You’re an avid journal keeper, is that something you’ve always done?

OR-L: Yeah since I was very little. Like any kid, you have your notebook where you draw your dragons and space monsters and whatever else comes to your mind. It’s a way of creating your own personal world. I love keeping a journal.

What’s one of your first musical memories?

OR-L: It would have to be my father and my uncles and my mother, just basically being at home. It’s just part of my culture and my upbringing. Puerto Rican culture revolves around music and food. Everybody plays something even if they are not musicians. Music is used as a language, it’s a second language. Before I ever learnt English I already knew the language of music because it was what was most spoken at my house besides Spanish, those are my musical memories. In other cultures, in America say for example, they have Christmas songs… when Christmas time comes around – I say that because it’s almost Christmas time now – there are a lot of communal Christmas songs that everyone knows and sings, they have that thing where people go door-to-door singing, well, Puerto Rican culture is like that all the time, it’s not just Christmas, it’s everything. There are songs that talk about the food you’re eating, there’s songs that talk about what it is like to be Puerto Rican. There’s songs that talk about what it’s like to be like from this village or that village—it’s just inherent in the culture. For me I’ve never thought of music as something separate from life or family life. I’ve never been cognisant of music like when people ask, did you ever think you’d end up being a musician? It would be like saying, did you ever think you were ever going to eat rice and beans with fried plantain? It doesn’t enter the consciousness when it is something that is around you all the time, it is just something that is there.

It’s like breathing.

OR-L: Exactly!

You also film lots of things. You’ve been filming since the beginning of At The Drive-In and documenting your journey as a musician; why do you feel you have such a need to document everything so avidly?
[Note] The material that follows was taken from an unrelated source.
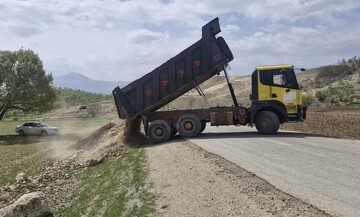 آغاز عملیات بهسازی ۹ کیلومتر از محور روستایی لردگان_کینگ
OR-L: Because I can, because it’s there. It’s another brush stroke and another colour on the palette of paint. I was born in era where the average person can walk into a store and buy a video camera. Thirty years ago that was only something that was there for rich people. We live in an era where you can get a couple of hundred bucks together and you can by a camera and document things. Going back to it again, it is how I was raised. When we moved to America and my father starting doing well with his business, one of the first things he did was by one of those VHS camcorders. He used to film all of our family outings (pretty normal stuff, families film their family outings) that was always stuck in my head. When he first brought a camera he showed me how to use it and I started filming right away. I’d make little short films. It felt very natural. My dad didn’t film family vacations in the normal way, he always turned it into a narrative somehow. There was always a narrator. He’s always would turn it into this big fun event that would involve everybody, so then everybody wanted to play with the video camera. Being the second oldest son I was allowed that luxury. It’s just there in your subconscious or the makeup of how you do things. When I grew to be an adult and At The Drive-In started making some money, one of the first things that I did was go and buy myself a video camera. I filmed stuff because I thought it would be a cool thing to show my mom back home and eventually my children.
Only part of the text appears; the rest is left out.